Bahira then asked, "by Allah", questions about what happened when he slept, and what where his different habits. Bahira found that these things where in co-ordinance with signs that he found in books of Christianity as signs of the next prophet. He then looked for the "seal of prophethood" between his shoulders, which too was described in the books of Christianity. Bahira then went to Abu Talib and asked his relation to the boy. Abu Talib replied that he was his father. Bahira claimed that this could not be so, as the father of this boy must be dead. Abu Talib then reported that he was his uncle and that the father of Muhammad died before he was born. Bahir confirmed that this was indeed the truth. Bahira then ordered Abu Talib to take Muhammad back to his country and to guard him from the Jews, for the Jews also have the same information that he has, and if they find that Muhammad is an apostle of God, they will bring harm to him.

Muhammad grew up in Mecca, he was known as "the trustworthy" because it was known throughout the Arab tribes that he had never been known to tell a lie. He was known as the most noble of all of Mecca as well as the best of character.
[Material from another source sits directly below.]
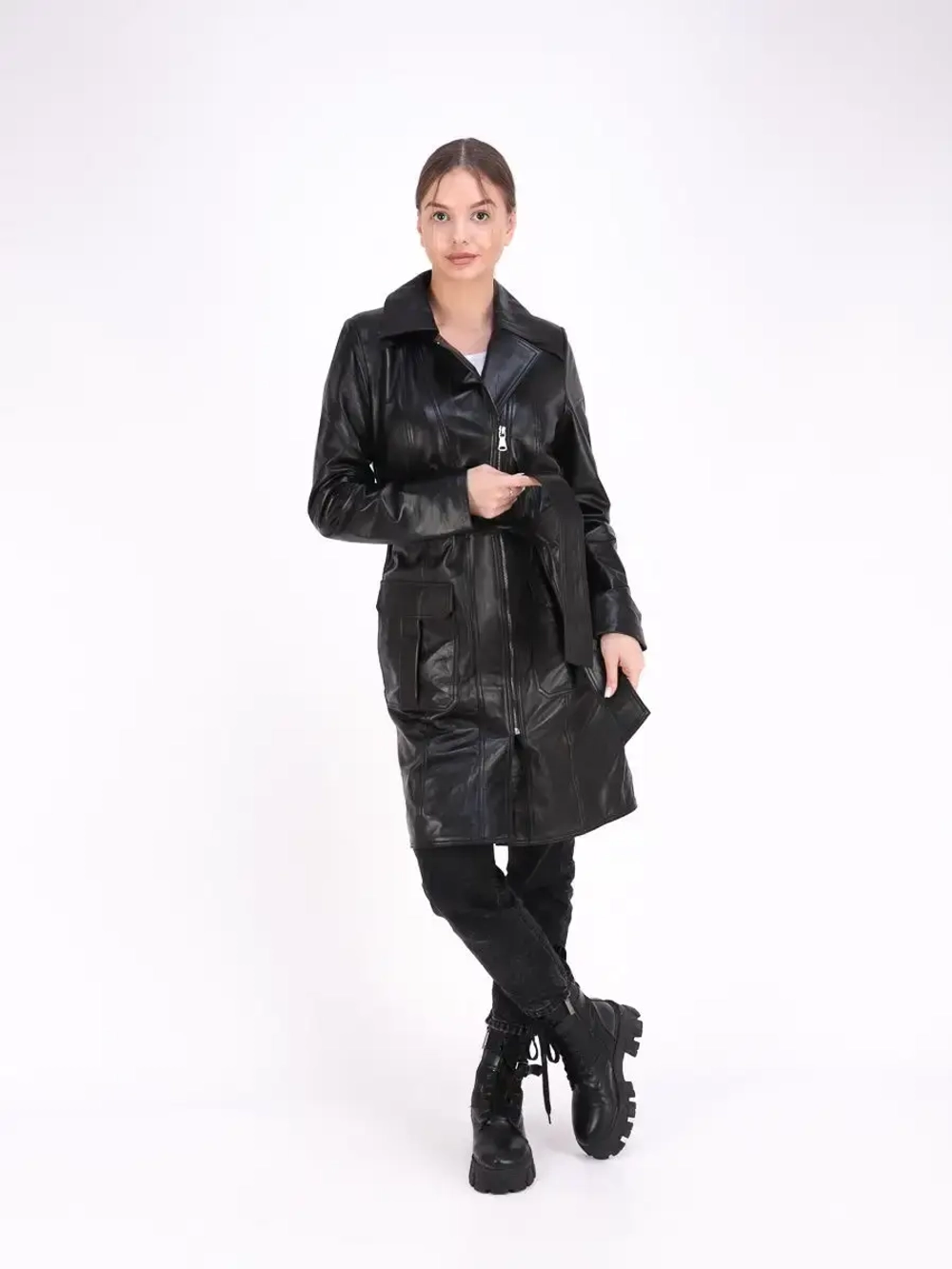 Плащ женский из натуральной  кожи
There is quite a bit more, but I think this is enough for now. This is about where liveforever picks up. As I'm writing this it has become painfully obvious to me why today's historians pick and chose what they like and report it has history. It seems that it's because so much of the history of Islam and the Arabs is based on supernatural events. Regardless, like it or not, this is our history. Take it or leave it.